== AIM OF THE EXERCISE ==
The expected answer is the data below, printed verbatim without its pictures.

Top of STUDY MATERIAL

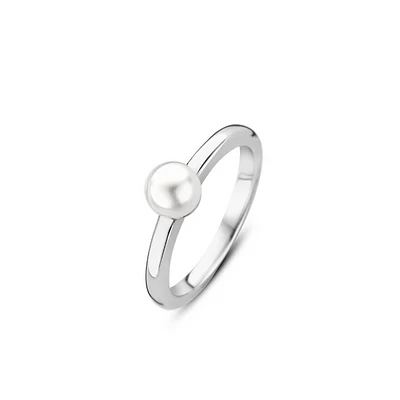 Captivating Pearl Ring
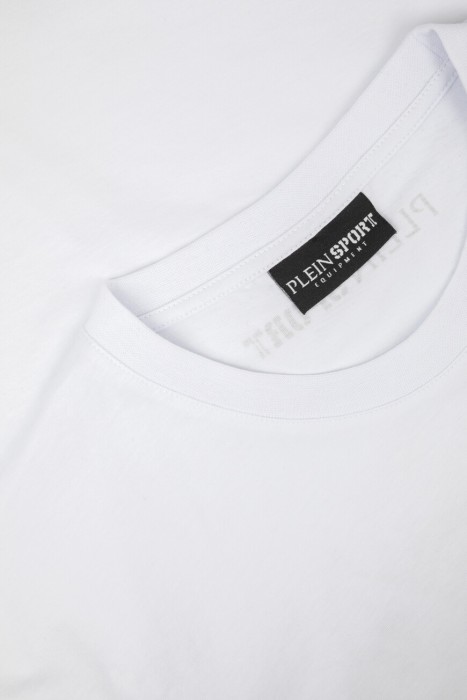 футболка  из хлопка спереди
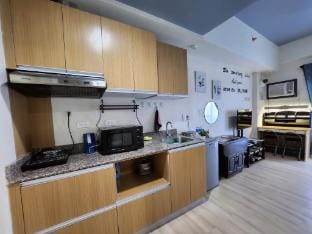 Azur Suites Amani 326,near Airport, Netflix, Cozy Apartment in Lapu-Lapu City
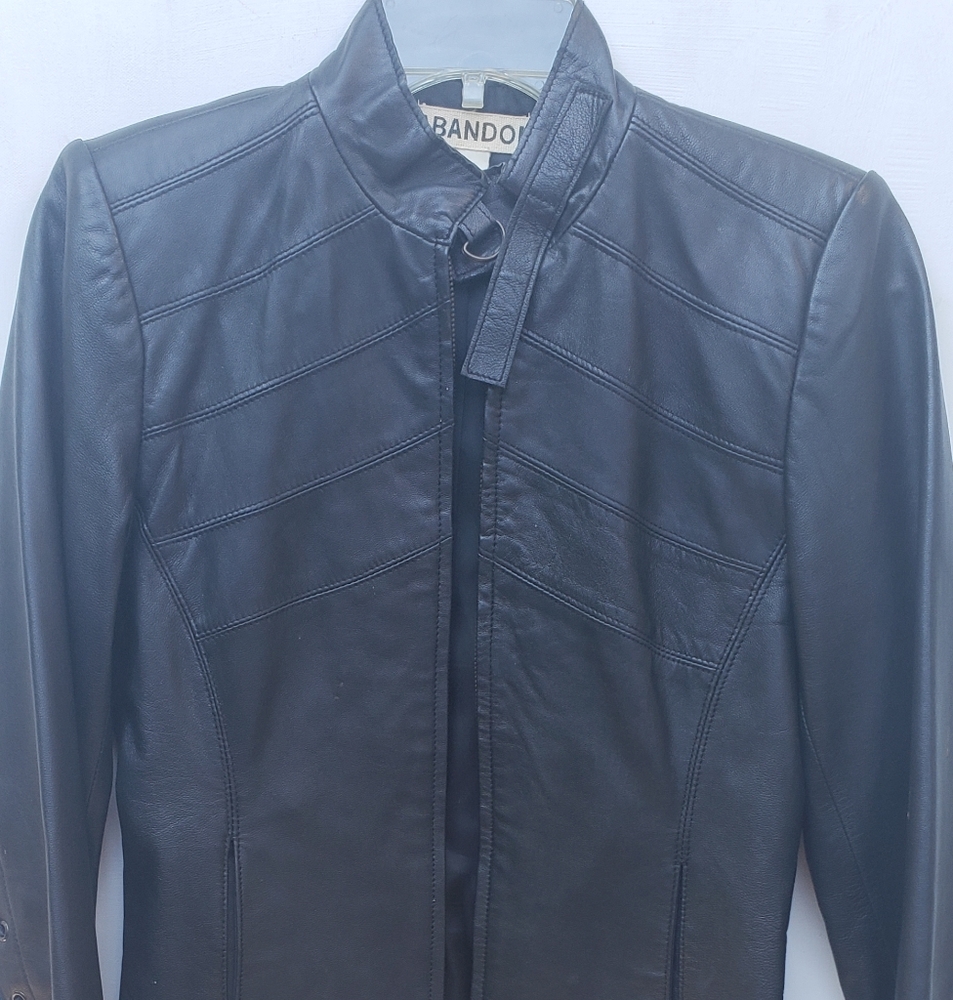 Nice leather jacket- size xs but it's pretty big l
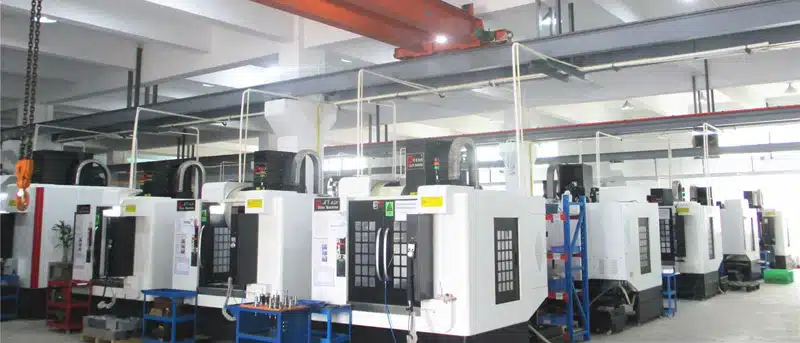 แถวเครื่องจักร CNC ขั้นสูงที่ทำงานอยู่ในโรงงานที่สะอาดและทันสมัยซึ่งเป็นของผู้ผลิตเครื่องจักรที่มีความแม่นยำ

Bottom of STUDY MATERIAL

== EXERCISE RESPONSE ==
 Captivating Pearl Ring
 футболка  из хлопка спереди
 Azur Suites Amani 326,near Airport, Netflix, Cozy Apartment in Lapu-Lapu City
 Nice leather jacket- size xs but it's pretty big l
 แถวเครื่องจักร CNC ขั้นสูงที่ทำงานอยู่ในโรงงานที่สะอาดและทันสมัยซึ่งเป็นของผู้ผลิตเครื่องจักรที่มีความแม่นยำ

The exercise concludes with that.